WHAT YOU ARE ASKED TO DO: If an entry holds a picture, drop the picture but restate the entry word for word.

──────────

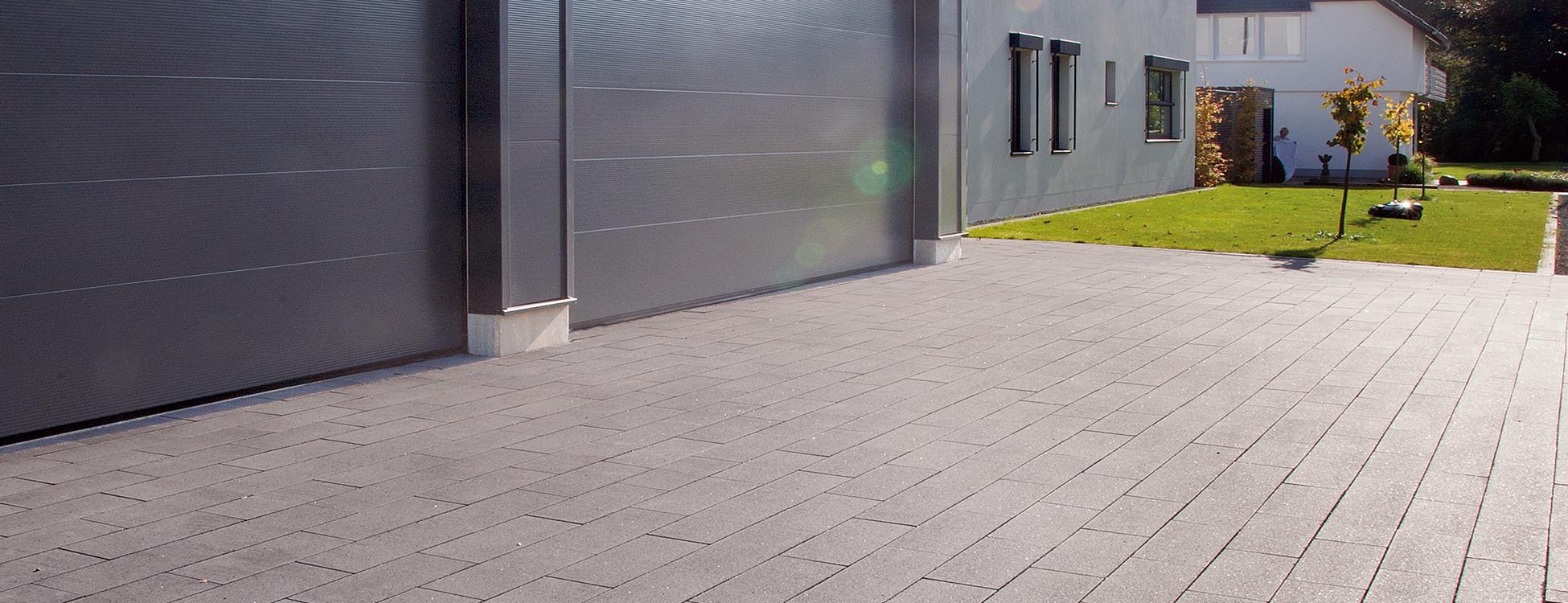 Cheops SV EXCLUSIV Enviro, scuro – Steingröße 60 x 22,5 cm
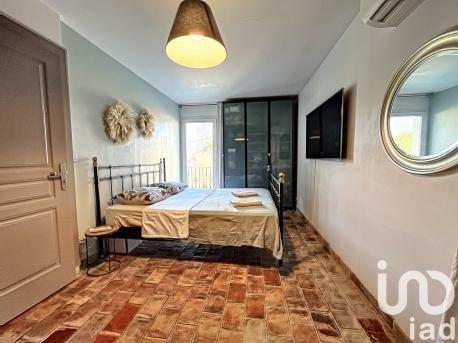 Maison à vendre 4 pièces 91 m² La Ciotat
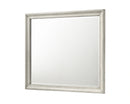 Jaymes Dresser Mirror White Mist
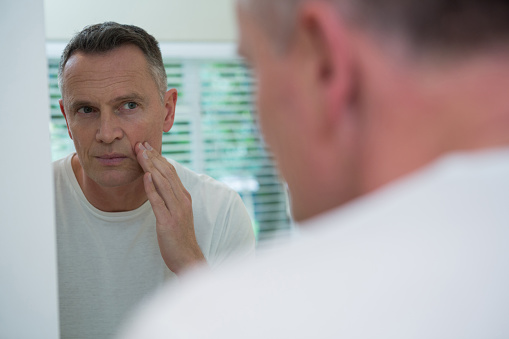 Oral Cancer Myths
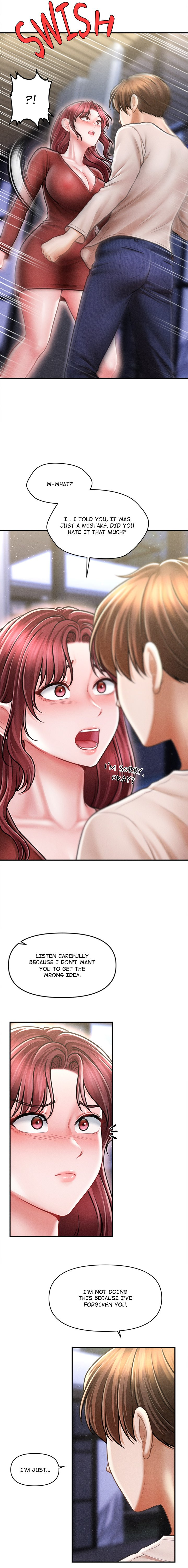 The Chairman’s Secret Son NEW image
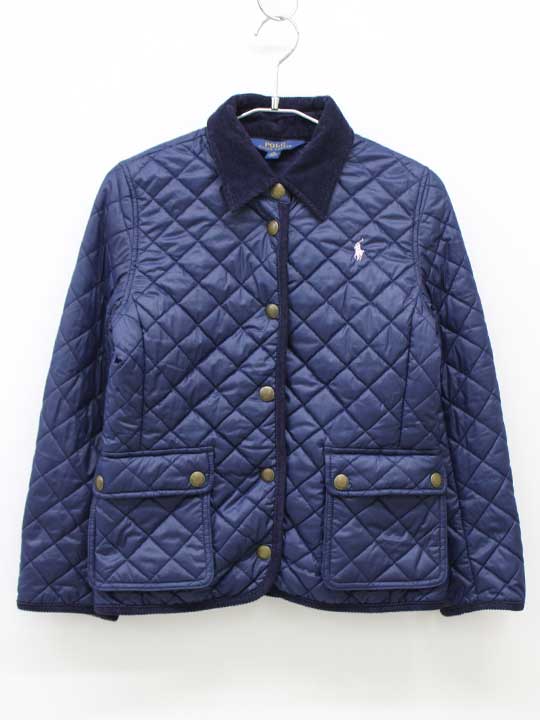 楽天市場】◇ラルフローレン/Ralph Lauren◇140cm キルティング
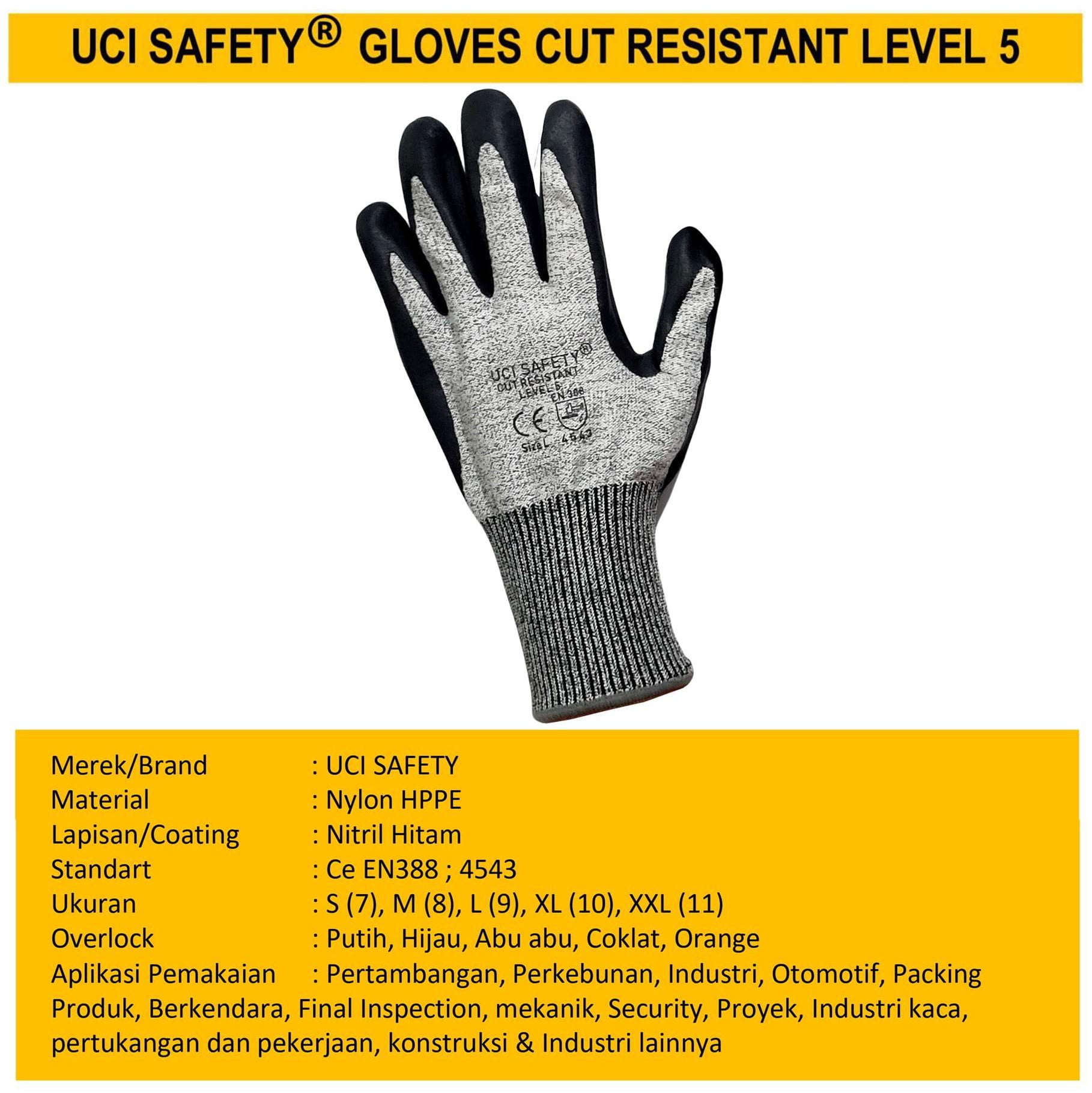 Glove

──────────

TASK ANSWER:
 Cheops SV EXCLUSIV Enviro, scuro – Steingröße 60 x 22,5 cm
 Maison à vendre 4 pièces 91 m² La Ciotat
 Jaymes Dresser Mirror White Mist
 Oral Cancer Myths
 The Chairman’s Secret Son NEW image
 楽天市場】◇ラルフローレン/Ralph Lauren◇140cm キルティング
 Glove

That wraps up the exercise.